I agree you need to have something change in your orientation because it does not seem like a learning environment. As a preceptor let me tell you that orientees often feel they are drowning when they are infact doing fine. A good preceptor will let you learn by doing but will not let you drown, it should be supportive and constructive. PALS is what I would take first but I also took ACLS and have used knowledge from both.

Specializes in pediatric critical care.
let's see if we can draft a script for you...

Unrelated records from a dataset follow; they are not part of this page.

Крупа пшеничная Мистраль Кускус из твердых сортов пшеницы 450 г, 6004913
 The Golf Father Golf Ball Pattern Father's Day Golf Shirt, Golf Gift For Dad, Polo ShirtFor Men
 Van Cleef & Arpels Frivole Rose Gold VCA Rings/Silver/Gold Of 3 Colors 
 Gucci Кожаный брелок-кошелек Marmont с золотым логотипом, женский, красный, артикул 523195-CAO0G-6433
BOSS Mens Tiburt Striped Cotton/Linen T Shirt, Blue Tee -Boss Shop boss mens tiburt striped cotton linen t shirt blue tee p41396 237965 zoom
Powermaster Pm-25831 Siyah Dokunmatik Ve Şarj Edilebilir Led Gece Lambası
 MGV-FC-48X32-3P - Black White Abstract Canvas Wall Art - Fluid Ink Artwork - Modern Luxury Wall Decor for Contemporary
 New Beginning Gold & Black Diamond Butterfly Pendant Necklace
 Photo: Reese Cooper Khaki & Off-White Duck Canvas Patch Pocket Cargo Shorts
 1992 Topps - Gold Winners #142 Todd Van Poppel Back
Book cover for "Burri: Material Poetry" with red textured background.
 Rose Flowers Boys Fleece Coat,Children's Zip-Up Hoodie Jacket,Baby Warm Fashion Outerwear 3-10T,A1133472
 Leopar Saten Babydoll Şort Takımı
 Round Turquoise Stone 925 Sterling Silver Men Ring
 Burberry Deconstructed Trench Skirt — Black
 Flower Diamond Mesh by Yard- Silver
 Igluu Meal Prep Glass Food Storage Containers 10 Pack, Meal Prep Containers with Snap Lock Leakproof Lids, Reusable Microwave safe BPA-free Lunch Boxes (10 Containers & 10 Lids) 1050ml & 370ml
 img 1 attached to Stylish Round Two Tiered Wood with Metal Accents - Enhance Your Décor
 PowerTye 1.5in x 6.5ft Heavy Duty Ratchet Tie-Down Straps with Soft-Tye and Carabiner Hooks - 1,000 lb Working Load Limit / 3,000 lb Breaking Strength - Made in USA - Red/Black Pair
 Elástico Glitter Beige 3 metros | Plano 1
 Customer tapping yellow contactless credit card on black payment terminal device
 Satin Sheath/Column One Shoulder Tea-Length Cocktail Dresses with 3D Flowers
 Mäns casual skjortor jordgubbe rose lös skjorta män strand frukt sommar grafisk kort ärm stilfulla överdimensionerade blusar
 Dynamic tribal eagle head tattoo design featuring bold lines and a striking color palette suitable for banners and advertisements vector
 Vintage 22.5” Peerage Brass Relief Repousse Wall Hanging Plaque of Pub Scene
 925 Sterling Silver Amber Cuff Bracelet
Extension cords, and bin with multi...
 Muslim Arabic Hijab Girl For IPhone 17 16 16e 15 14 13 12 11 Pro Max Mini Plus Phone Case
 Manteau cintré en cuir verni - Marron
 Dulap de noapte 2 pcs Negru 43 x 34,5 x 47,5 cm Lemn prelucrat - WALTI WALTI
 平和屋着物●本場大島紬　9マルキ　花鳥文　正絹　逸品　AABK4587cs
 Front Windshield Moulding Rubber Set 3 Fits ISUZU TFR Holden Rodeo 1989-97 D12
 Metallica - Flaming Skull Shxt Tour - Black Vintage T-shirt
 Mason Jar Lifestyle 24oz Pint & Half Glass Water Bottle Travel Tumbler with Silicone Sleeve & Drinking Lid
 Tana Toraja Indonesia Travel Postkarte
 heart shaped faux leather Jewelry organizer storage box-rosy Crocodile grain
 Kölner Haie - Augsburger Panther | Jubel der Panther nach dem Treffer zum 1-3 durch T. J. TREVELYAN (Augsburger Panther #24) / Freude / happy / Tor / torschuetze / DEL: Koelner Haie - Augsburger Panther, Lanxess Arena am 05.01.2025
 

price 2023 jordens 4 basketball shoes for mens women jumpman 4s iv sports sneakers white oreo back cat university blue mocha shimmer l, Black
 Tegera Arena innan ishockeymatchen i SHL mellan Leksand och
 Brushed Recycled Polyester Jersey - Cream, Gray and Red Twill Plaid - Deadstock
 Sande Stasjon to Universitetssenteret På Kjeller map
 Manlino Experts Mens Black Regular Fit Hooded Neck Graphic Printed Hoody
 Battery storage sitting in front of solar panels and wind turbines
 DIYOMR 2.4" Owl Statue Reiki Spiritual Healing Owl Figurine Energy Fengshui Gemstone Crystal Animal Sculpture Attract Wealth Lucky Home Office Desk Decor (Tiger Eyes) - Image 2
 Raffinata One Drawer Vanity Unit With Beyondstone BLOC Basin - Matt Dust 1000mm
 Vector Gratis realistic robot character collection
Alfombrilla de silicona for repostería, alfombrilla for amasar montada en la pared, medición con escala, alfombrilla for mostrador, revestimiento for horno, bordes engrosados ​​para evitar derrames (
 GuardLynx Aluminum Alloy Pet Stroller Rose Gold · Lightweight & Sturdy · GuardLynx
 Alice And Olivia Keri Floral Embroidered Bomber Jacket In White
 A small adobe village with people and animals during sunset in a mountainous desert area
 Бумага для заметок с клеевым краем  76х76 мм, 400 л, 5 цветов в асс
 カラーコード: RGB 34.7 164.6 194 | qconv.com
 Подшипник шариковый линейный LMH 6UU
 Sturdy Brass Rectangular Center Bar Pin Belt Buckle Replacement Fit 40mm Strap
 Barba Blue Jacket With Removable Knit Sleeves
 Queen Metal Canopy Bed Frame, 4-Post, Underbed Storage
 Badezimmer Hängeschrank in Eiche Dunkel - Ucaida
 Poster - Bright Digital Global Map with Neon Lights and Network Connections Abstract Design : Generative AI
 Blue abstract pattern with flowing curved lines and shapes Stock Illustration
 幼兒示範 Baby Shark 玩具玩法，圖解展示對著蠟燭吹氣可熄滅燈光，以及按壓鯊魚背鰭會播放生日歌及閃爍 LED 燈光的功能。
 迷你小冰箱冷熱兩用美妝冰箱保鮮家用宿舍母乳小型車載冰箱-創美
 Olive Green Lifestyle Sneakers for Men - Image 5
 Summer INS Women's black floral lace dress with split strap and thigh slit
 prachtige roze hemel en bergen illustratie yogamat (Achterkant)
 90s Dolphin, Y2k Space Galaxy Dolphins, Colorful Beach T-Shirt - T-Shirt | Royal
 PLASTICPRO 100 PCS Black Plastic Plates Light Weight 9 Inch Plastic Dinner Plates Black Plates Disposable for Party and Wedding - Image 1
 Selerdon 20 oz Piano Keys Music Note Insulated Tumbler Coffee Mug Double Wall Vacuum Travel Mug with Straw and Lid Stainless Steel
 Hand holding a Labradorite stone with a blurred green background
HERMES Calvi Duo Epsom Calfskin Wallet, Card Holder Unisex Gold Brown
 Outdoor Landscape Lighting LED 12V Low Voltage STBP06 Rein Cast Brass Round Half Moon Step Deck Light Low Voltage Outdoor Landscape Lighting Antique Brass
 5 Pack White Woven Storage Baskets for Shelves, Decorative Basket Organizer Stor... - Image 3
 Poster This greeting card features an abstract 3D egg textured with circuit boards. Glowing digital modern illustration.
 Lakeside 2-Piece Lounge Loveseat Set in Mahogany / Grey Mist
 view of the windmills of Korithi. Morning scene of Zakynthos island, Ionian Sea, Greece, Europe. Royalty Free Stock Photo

start off by saying that you're so glad you accepted this job in picu (and make sure you use the word "accepted") because you know it's a great place to work. say that you've already learned some new skills and have made some new friends. go on to say that you know you still have a steep learning curve, and are confident that you're up to the task. but... your learning style doesn't seem to be a good fit with your current preceptor's teaching style. say that although you have experience as an lpn you really are a new rn and your new scope of practice is so different, you feel you need a more hands-on approach in preceptors, someone who doesn't expect you to know more than you do because of your background. say that you also are someone who needs a lot of feedback, both good and bad, so that you can adjust your learning plan. add anything else you think would be tactful but accurate in explaining your discomfort with the situation. keep the focus on you and your learning needs and not on your preceptor's shortcomings. ask if it would be appropriate for you, your preceptor and your nurse educator to meet and discuss your progress (something that should already be happening, but seemingly is not). then go through with the meeting if that's what happens. at the end of the meeting you'll have an idea if this preceptor understands what you're looking for; if not, then would be the time to request someone else complete your orientation with you. if you keep it about you, and what's best for the unit, you can't miss.

(feel free to cut and paste if you think that will help.)

well said, jan! this new nurse absolutely needs a new preceptor.